Any help appreciated. :buffer:


----------



## andy-mcq (Sep 26, 2008)

if your nail doesnt catch in it, it should polish up ok.
if need to flat it a bit start with 2000 are evan 3000 and go lower if need be. wouldnt go lower than 1500 wet.
have you got a rotary/ DA?


----------



## The_Bouncer (Nov 24, 2010)

may help ?

http://www.detailingworld.co.uk/forum/showthread.php?t=151798&highlight=headlight

.


----------



## RD55 DUN (Dec 30, 2008)

The_Bouncer said:


> may help ?
> 
> http://www.detailingworld.co.uk/forum/showthread.php?t=151798&highlight=headlight
> 
> .


I looked at that thread earlier, it does help, but my headlight is a bit worse than any of them.


----------



## RD55 DUN (Dec 30, 2008)

andy-mcq said:


> if your nail doesnt catch in it, it should polish up ok.
> if need to flat it a bit start with 2000 are evan 3000 and go lower if need be. wouldnt go lower than 1500 wet.
> have you got a rotary/ DA?


Cheers,

ive got the Kestral Das-6. I would want someone who knows what they are doing to do this.


----------



## RD55 DUN (Dec 30, 2008)

I have attached some pictures. Didnt get a chance last night.

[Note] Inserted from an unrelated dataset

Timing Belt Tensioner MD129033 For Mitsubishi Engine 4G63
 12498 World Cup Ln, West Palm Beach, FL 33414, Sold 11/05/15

Do you reckon this would buff out? Fingernail defiantly does not catch on it. My only concern is how the plastic has "turned" white with the scratch.


----------



## Fixxer (Jun 11, 2009)

Wet sand it, working through the grades then finish off with Micromesh, see how that goes at it, you might have to do it a few times but the plastic around lenses is usually pretty thick and if your nail doesn't catch it then its probably just the way its scratched that makes it look bad. 

Good luck!
Alex


----------



## DW58 (Nov 27, 2010)

To be honest, I think Micromesh would do the entire job without wet sanding. This kit contains all you need to do the job.


----------



## RD55 DUN (Dec 30, 2008)

Thanks for the advice, il buy the micromesh kit. Im just glad that the light can be saved.


----------



## Fixxer (Jun 11, 2009)

You are probably right DW58, I was only thinking of a wet sand first incase only a fine grade Micromesh was available but that kit has a decent selection. 

Thats the kit I use, although if you are near Shoreham, London, High Wycombe or Gloucester then Transair have it for about £15, they do mail order too but its not listed on their website. They definitely do it though as I get mine from their Shoreham shop. 

Alex


----------



## DW58 (Nov 27, 2010)

I first used Micromesh for modelling, but it's an amazing product range with so many applications - widely used by the RAF and civil aviation world.


----------



## 3M UK (Jul 29, 2010)

RD55 DUN: We've got a headlight restoration kit from the US that I'm looking into for UK suitability. If you like you could have one (got one in the office here) and see if it works? PM me address if you do. Thanks.


----------